Though it’s the bane of many a lawn-lover, this cheery weed deserves appreciation. All parts of this nutritious plant are edible. It has also been used traditionally for various health conditions. Herbalists commonly utilize dandelion to support the liver and boost digestion.
Dandelion has long been cherished as a nourishing, revitalizing spring tonic. It also lends itself wonderfully to various culinary applications. A caffeine-free, bitter drink that tastes somewhat like coffee can be made from the roasted roots. The greens are wonderful sautéed with a bit of vinegar drizzled over them (though admittedly some folks will find them unpleasantly bitter). I’ve lacto-fermented the flower buds for a caper-like treat. The blossoms are also popularly used to make wine.
One of my favorite ways to use an abundance of fresh dandelion greens is to make large jars of dandelion infused vinegar so I can whip up a tasty vinaigrette whenever I please.
After the initial wait for the vinegar to infuse, the vinaigrette comes together quickly & easily and is a lovely accompaniment to salads.
This tasty dressing is incredibly nutrient dense. Dandelion provides a number of vitamins and minerals, which are readily extracted into the vinegar. It also promotes healthy digestion. Olive oil adds a boost of antioxidants and rich flavor.
For the infused vinegar —
- Fresh dandelion greens, roughly chopped
- Apple cider vinegar
For the vinaigrette —
- 1 ½ Tbsp dandelion infused apple cider vinegar
- ¼ cup olive oil
- 2 tsp honey
- 2-3 fresh dandelion leaves, finely chopped
- 1-2 cloves of garlic, minced
- A pinch of salt
To make the infused vinegar—
Fill a jar ¾ full with dandelion greens. You can use the flowers, stems, and roots too. All parts of the plant are edible and nutritious.
Pour vinegar over the dandelion, filling the jar to the top with vinegar. Do leave a bit of head space at the top though.
Cap the jar tightly. If the jar has a metal lid, place a piece of wax paper underneath it to help prevent corrosion.
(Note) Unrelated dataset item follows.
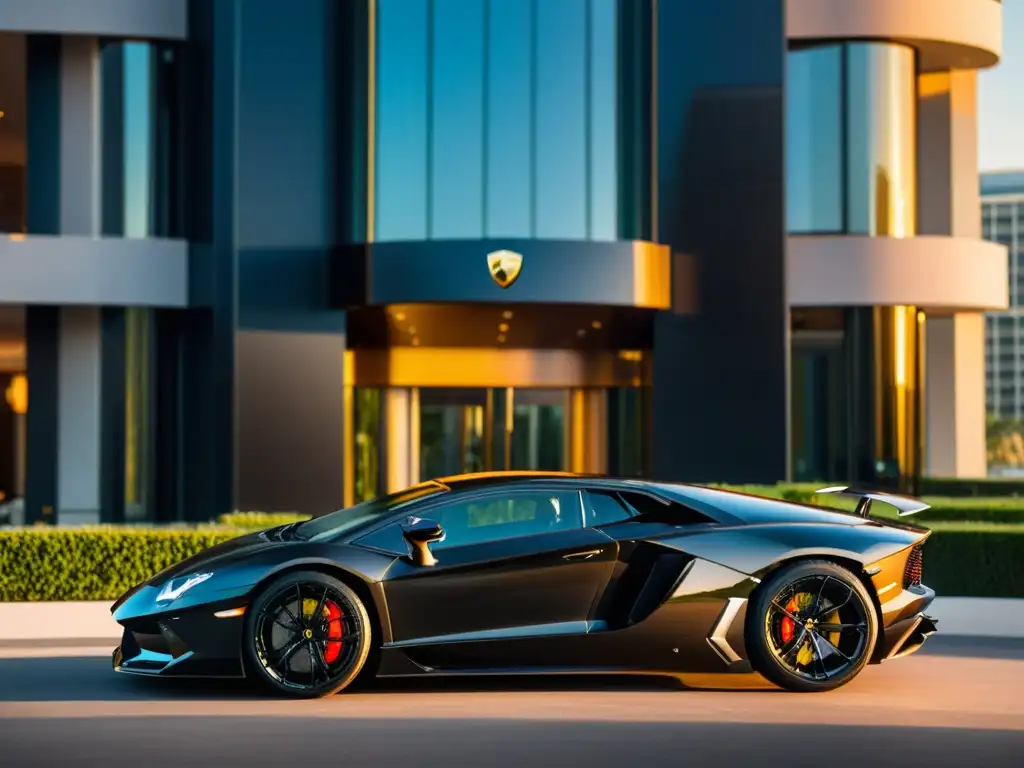 Un lujoso Lamborghini Aventador negro estacionado frente a un hotel de lujo moderno al atardecer, reflejando la ciudad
Let infuse for 4-5 weeks in a cool, dark place. Then strain out the herbs and rebottle the liquid. Don’t forget to label your jars! You think you’ll remember what’s in them all, but the truth is, you won’t. (Don’t ask me how I know this.)
To make the vinaigrette—
Add all of the ingredients to a small jar or bottle and cap tightly. Shake vigorously before pouring over a lovely spring salad. Garnish with dandelion flowers, if desired. Store leftover dressing in the refrigerator.